In the inactive state, ADP binds at the nucleotide-binding pocket of NLRP3 within the NACHT domain encircled by WHD, HD1, and NBD (20, 4951). An inhibitor, MCC950 (also known as CRID3), has been shown to directly inhibit NLRP3 (58). This inhibitor, as well as another inhibitor created using it as the template, has been found binding to the NACHT domain adjacent to ADP (4951) (Figure 2b). In the active state, ATP is presumably bound to NLRP3, but this conformation has not been captured. The PYD belongs to the death domain (DD) superfamily and exhibits a typical six-helix bundle structure (59, 60) (Figure 2c). The structural details of NLRP3 PYD are further described in the section titled PYD-PYD Interactions in the NLRP3 Inflammasome.

NLRP3 OLIGOMERIZATION

Because PYD-deleted NLRP3 used to determine the structure of the NLRP3-NEK7 complex (20) was engineered to be monomeric, to understand NLRP3 in its natural form, the field turned to the full-length NLRP3 protein. Mouse NLRP3s expressed in mammalian cells, without added nucleotides, with the presence of ADP and MCC950, or with dATP (which can be hydrolyzed to dADP), all revealed large oligomeric structures (48) (Figure 2d). NLRP3 particles treated with ADP and MCC950 gave rise to six-, seven-, and eightfold double-ring cage structures of 200 Å to 250 Å, each containing 12, 14, and 16 monomers, respectively, while those treated with dATP were more homogeneously 12-mers and reached the best resolution in the 3D reconstruction (48). The structure of the dodecamer is further supported by a subsequent independent study on full-length mouse NLRP3 (50).

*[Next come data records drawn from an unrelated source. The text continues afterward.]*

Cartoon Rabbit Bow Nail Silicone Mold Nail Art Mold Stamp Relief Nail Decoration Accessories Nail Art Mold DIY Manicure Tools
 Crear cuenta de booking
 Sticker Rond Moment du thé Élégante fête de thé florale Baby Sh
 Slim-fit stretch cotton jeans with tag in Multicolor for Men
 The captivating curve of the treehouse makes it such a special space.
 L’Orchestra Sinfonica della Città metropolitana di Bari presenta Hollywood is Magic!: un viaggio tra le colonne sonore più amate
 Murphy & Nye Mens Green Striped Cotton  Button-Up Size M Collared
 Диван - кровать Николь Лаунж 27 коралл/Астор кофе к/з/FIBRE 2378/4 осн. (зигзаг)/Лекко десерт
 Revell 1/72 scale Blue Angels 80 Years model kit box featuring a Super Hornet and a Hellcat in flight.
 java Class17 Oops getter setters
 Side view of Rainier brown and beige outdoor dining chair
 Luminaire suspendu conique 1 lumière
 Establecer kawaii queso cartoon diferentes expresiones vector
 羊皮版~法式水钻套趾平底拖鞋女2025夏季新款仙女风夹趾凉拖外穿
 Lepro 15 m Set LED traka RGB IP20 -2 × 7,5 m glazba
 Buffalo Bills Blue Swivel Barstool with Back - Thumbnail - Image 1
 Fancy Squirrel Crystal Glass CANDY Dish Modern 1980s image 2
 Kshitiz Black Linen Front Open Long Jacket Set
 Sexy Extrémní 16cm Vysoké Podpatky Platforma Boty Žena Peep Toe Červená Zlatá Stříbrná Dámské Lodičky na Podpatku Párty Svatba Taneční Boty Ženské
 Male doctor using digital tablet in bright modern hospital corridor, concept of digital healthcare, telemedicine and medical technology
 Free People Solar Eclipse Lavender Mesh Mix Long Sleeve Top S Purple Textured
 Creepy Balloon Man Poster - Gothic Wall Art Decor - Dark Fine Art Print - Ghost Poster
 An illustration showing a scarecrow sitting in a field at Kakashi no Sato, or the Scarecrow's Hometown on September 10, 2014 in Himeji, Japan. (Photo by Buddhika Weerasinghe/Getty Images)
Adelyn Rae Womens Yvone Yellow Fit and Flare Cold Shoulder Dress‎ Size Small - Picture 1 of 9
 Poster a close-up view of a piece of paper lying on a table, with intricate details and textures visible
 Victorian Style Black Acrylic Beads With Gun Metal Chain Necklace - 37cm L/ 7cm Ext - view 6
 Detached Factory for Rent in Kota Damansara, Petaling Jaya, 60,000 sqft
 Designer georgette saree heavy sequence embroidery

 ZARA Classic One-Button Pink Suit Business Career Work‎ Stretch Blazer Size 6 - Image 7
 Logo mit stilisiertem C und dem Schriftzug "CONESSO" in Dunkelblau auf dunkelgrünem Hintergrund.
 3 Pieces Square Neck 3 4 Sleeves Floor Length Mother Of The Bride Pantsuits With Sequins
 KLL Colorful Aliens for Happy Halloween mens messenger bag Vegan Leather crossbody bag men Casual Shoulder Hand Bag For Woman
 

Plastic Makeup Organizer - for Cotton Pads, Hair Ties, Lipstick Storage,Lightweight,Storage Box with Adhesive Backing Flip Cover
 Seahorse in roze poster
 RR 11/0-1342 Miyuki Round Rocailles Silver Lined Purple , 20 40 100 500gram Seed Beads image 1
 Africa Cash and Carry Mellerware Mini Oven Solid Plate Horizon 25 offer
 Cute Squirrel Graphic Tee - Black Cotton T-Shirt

Overall, the two-layer ring-shaped dodecamer, as well as the 14- and 16-mers, looks like a cage or barrel due to the overall circular outline and the hollowness in the center. The dodecamer is formed by 12 monomers following a D6 symmetry, in which the top and bottom surfaces as shown are occupied by 6 NACHT domains that are in inactive conformations and insufficiently close to interact with each other. Importantly, 12 LRR domains encircle the dodecamer, form its lateral side, and contribute the most to its formation (48, 50). Face-to-face and back-to-back interfaces are formed between neighboring LRR domains from the two rings, in which the LRR domains bind to each other using their concave and convex sides, respectively (48, 50). Residues at these interfaces are critical for the cage formation shown by mutagenesis. The oligomerization of full-length human NLRP3 has also been studied using cryo-EM, and a smaller decameric cage (Figure 2e), similar otherwise to the cage structures from mouse NLRP3, was solved in the presence of ADP and MCC950 (49). Even though the exact oligomeric state varies with species and bound nucleotides, the structural consistency among NLRP3 oligomers is the double-ring organization with each ring possessing 5–8 NLRP3 molecules (4850).

However, PYDs were not clearly visible in either map of the mouse NLRP3 dodecamer (48, 50). Only weak densities were found in the cage near the center of its top and bottom, presumably representing the PYDs that are flexibly linked in its filamentous form but trapped inside the cavity (48, 50). In support of this assessment, a purified NLRP3 cage sample was not able to nucleate ASC PYDs to form a filament (48). For the human NLRP3 decamer, additional weak densities were also found in the cage, which researchers fitted with a PYD dimer (49). PYDs were shown to play an important role in forming the dodecamer, since PYD deletion compromised cage assembly (48, 50).

Interestingly, purified mouse NLRP3 cage assemblies exhibited membrane binding capability through an affinity to phosphoinositides, and overexpressed mouse NLRP3 was found mostly in the membrane fraction upon cell lysis (48, 50). In addition, endogenous mouse NLRP3 from immortalized bone marrow–derived macrophages was also enriched in the membrane fraction and shown to contain oligomers of similar sizes to purified NLRP3 assemblies, suggesting that the cage structure is a resting state of NLRP3 in cells (48). Importantly, mouse NLRP3 oligomerization on the membrane is a critical step for trans-Golgi network dispersion upon NLRP3 stimulation (48), a critical early step in NLRP3 activation (61). These findings also echo previous reports that NLRP3 resides on membranes of various intracellular organelles, including the endoplasmic reticulum, mitochondria, and Golgi apparatus, and is further transported to the microtubule-organizing center where NEK7 is localized (18, 6170).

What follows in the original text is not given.